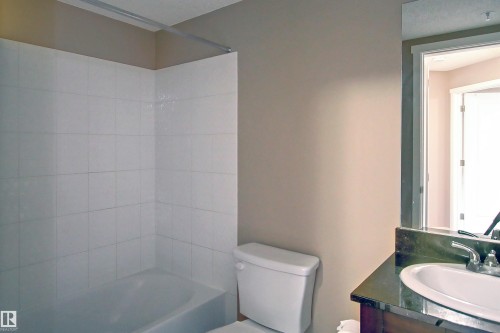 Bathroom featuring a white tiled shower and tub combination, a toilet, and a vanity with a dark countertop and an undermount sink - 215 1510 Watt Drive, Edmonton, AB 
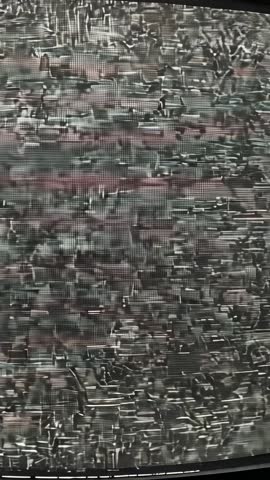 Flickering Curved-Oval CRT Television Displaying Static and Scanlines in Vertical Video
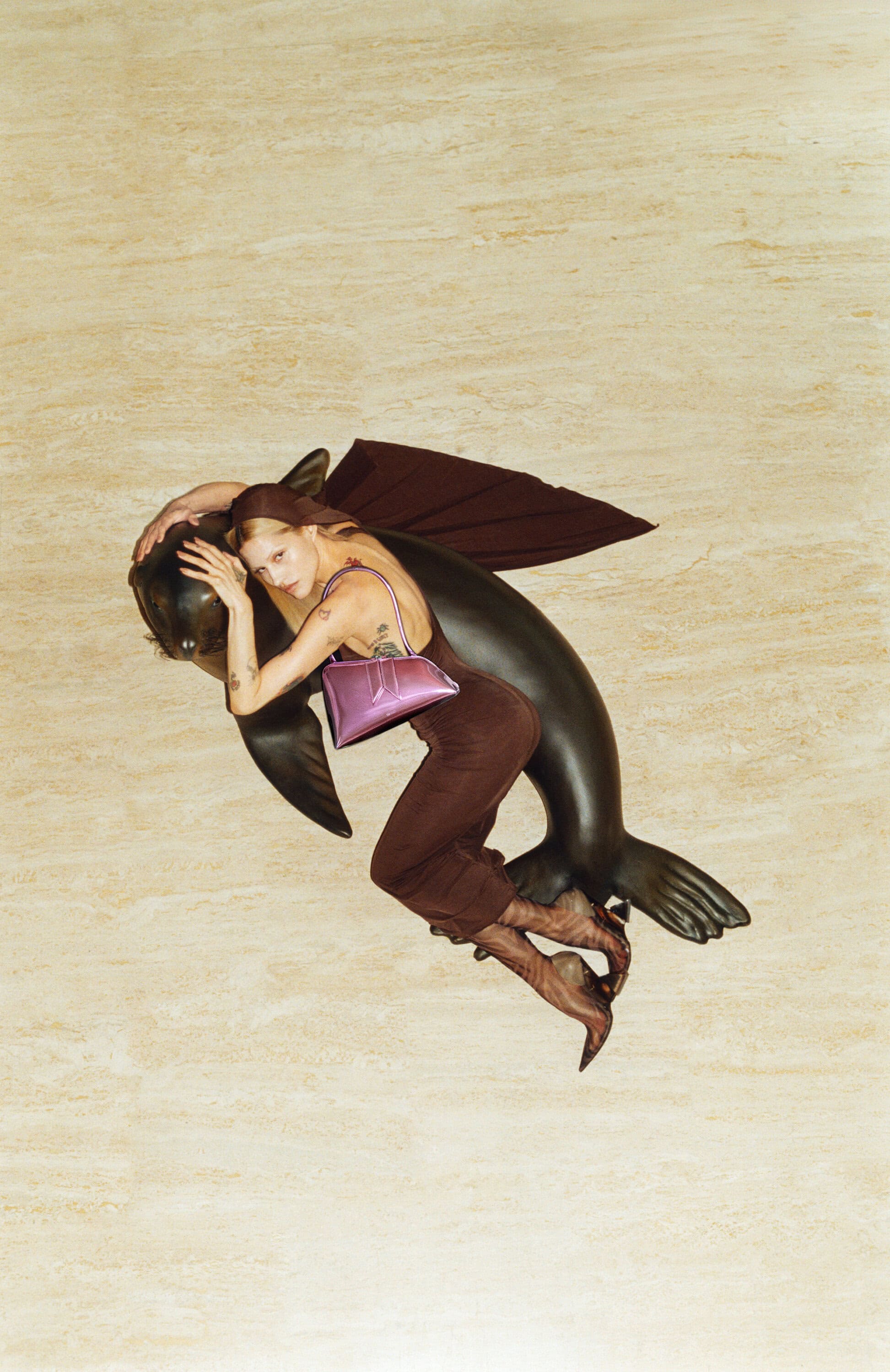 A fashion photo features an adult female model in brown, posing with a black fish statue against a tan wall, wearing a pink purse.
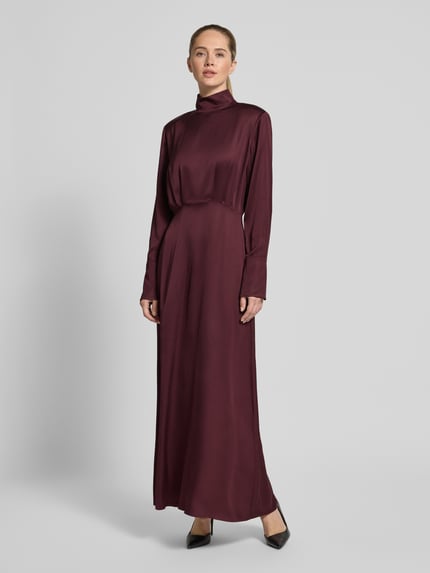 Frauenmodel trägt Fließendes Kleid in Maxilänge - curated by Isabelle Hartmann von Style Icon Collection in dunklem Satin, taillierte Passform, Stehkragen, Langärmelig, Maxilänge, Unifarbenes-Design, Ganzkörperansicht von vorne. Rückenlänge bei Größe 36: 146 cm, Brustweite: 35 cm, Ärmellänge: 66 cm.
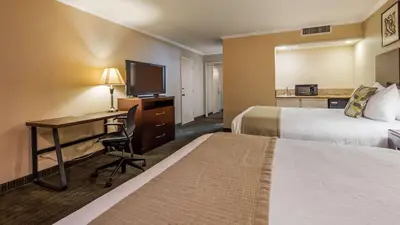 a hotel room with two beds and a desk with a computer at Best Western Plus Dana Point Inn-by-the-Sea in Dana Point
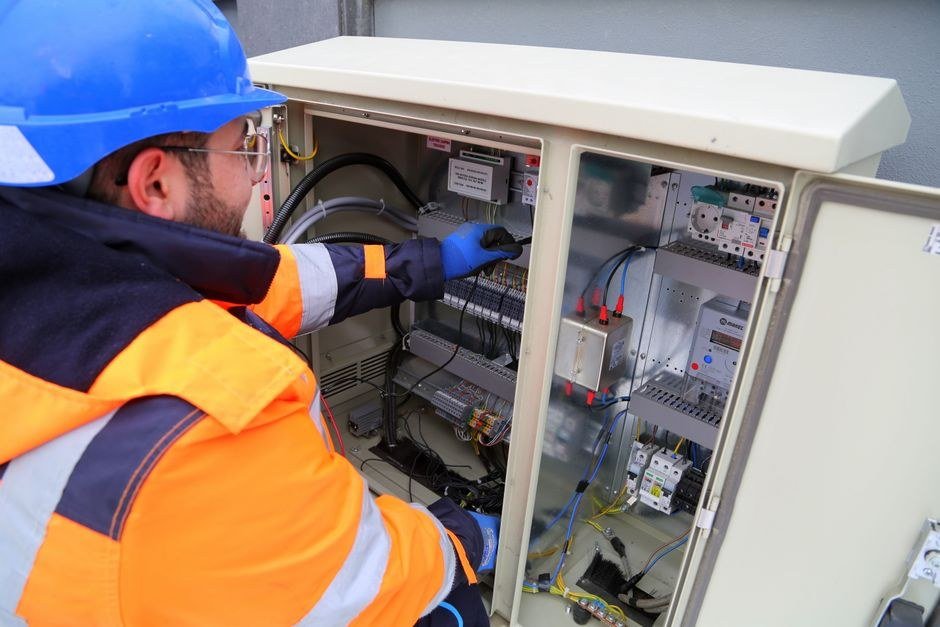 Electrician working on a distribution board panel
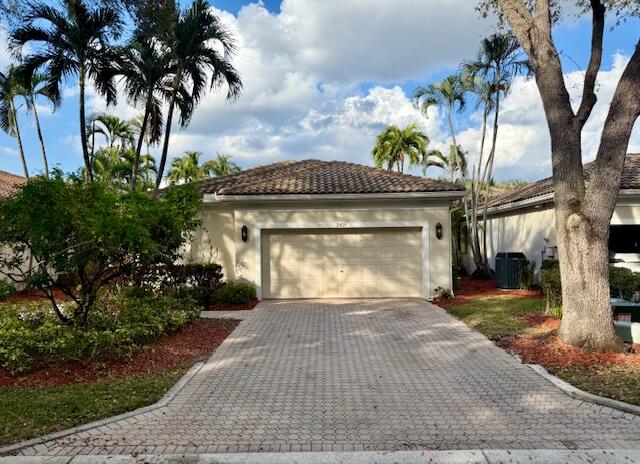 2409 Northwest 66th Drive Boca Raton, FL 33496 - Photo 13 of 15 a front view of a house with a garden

========================

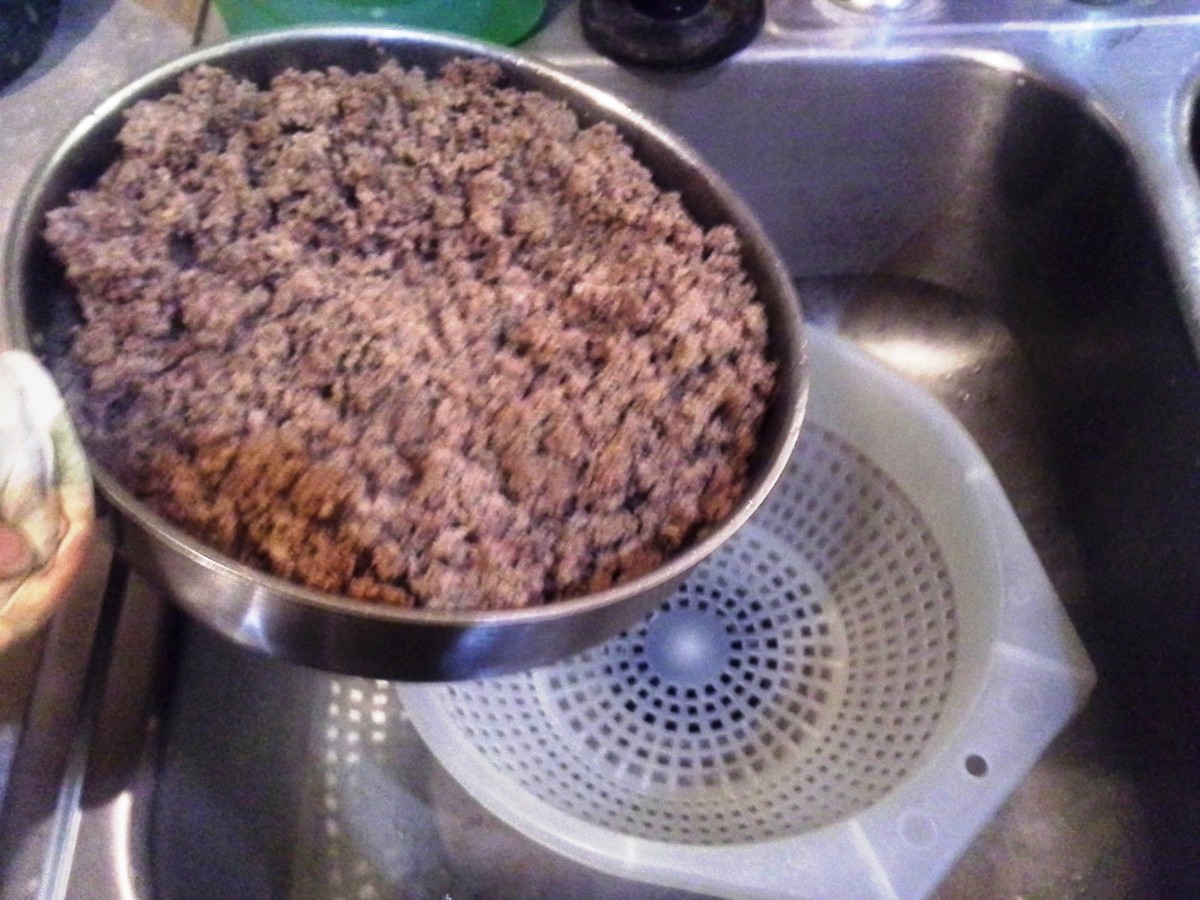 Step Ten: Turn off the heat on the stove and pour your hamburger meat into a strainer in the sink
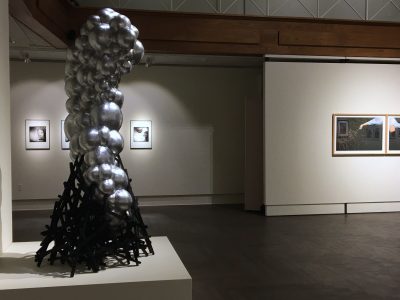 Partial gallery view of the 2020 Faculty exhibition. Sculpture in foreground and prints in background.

========================

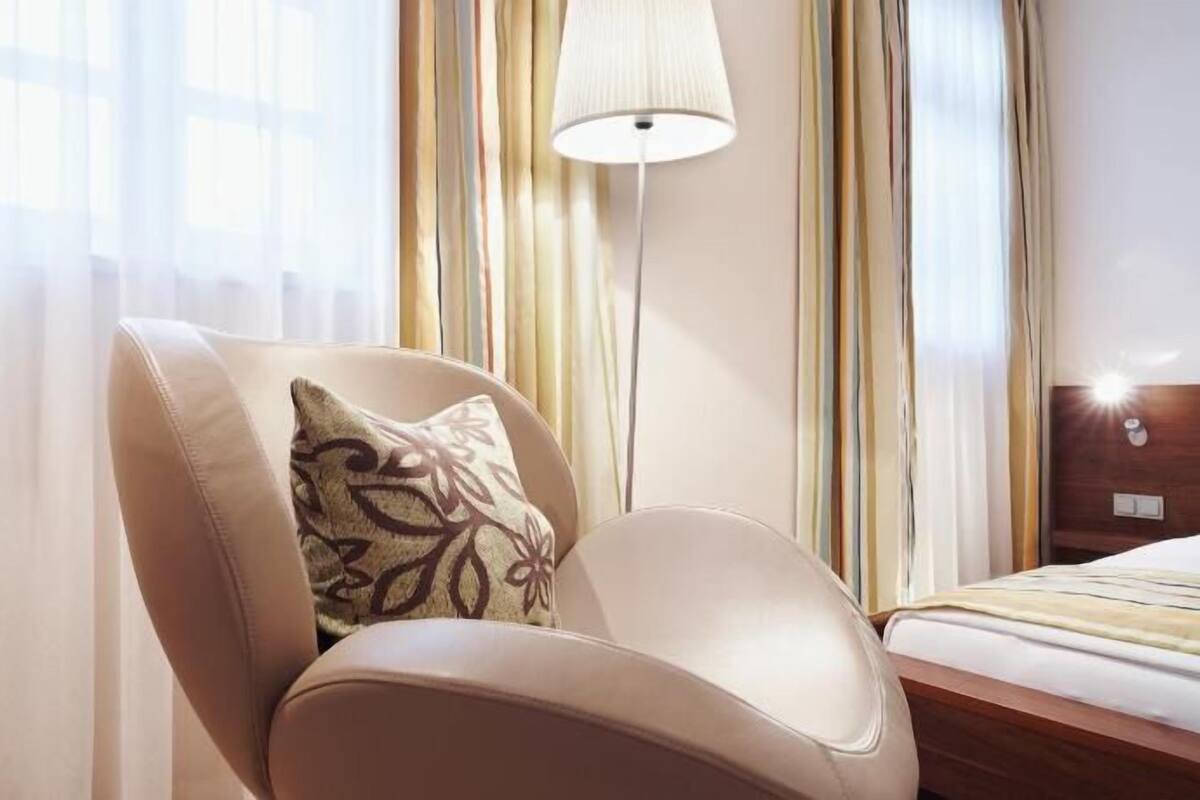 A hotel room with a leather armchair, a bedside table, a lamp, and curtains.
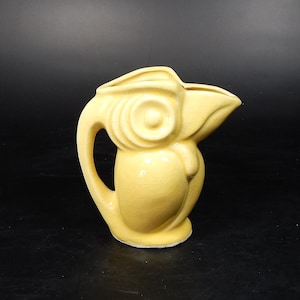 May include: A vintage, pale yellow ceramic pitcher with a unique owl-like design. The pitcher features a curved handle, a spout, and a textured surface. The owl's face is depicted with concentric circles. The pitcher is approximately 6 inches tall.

========================

• Problem to solve
With the pictures omitted, print the lines above exactly, beginning at the line with "A fashion photo" and going on through the line with "Electrician working on".

• Answer box
 A fashion photo features an adult female model in brown, posing with a black fish statue against a tan wall, wearing a pink purse.
 Frauenmodel trägt Fließendes Kleid in Maxilänge - curated by Isabelle Hartmann von Style Icon Collection in dunklem Satin, taillierte Passform, Stehkragen, Langärmelig, Maxilänge, Unifarbenes-Design, Ganzkörperansicht von vorne. Rückenlänge bei Größe 36: 146 cm, Brustweite: 35 cm, Ärmellänge: 66 cm.
 a hotel room with two beds and a desk with a computer at Best Western Plus Dana Point Inn-by-the-Sea in Dana Point
 Electrician working on a distribution board panel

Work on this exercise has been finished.